John Steinbeck, The Grapes of Wrath
When I worked in schools, I had a teacher tell me that a kid was an asshole. I looked at her like her face was on fire. That kid was not an asshole, that kid was treated like an asshole and was acting accordingly.
Over the years I’ve had countless clients that grew up in poverty tell me about the shameful moments they experienced trying to negotiate the middle and upper class.
If your parents don’t teach you kindness or compassion, where are you going to learn how to negotiate social situations? If your parents don’t teach you to say “thank you” how will you learn when and where it’s appropriate to extend gratitude. If your parents don’t teach you or show you how to eat properly, where will you learn to do this?

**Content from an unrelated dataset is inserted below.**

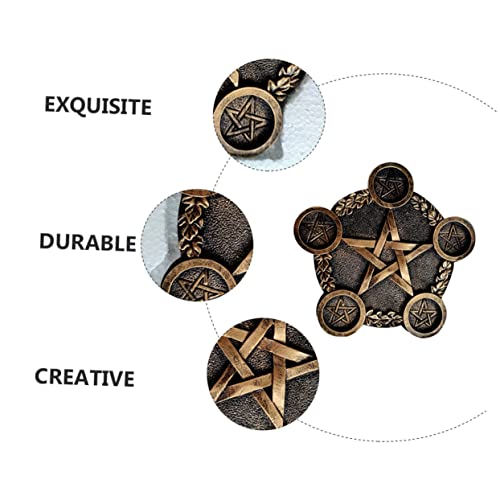 Alipis Pentacle Star Candleholder Creative Decorative Candle Base for Religious Rituals and Altar Decor Copper Finish Sacrifice Prop for Mysterious Atmosphere and Lasting Use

If your parents or family don’t value education or teach you how to critically think, how will you learn to do this? What’s more, what about kids that are actively discouraged from education or learning?
If you’ve lived your life in the well insulated middle or upper class caste it’s easy to assume that everyone shares your life experience and “should just know how to act” but this is not the case for millions of American children.
We are not born with manners, education, and social etiquette. Those are taught. Often, by the time a child reaches school age they have already started learning from their family culture.
That kid wasn’t an asshole, he was doing what he was taught and really confused as to why it “works” at home and gets him in trouble at school. And, the approval of his family always mattered more.
Consider the context before you judge.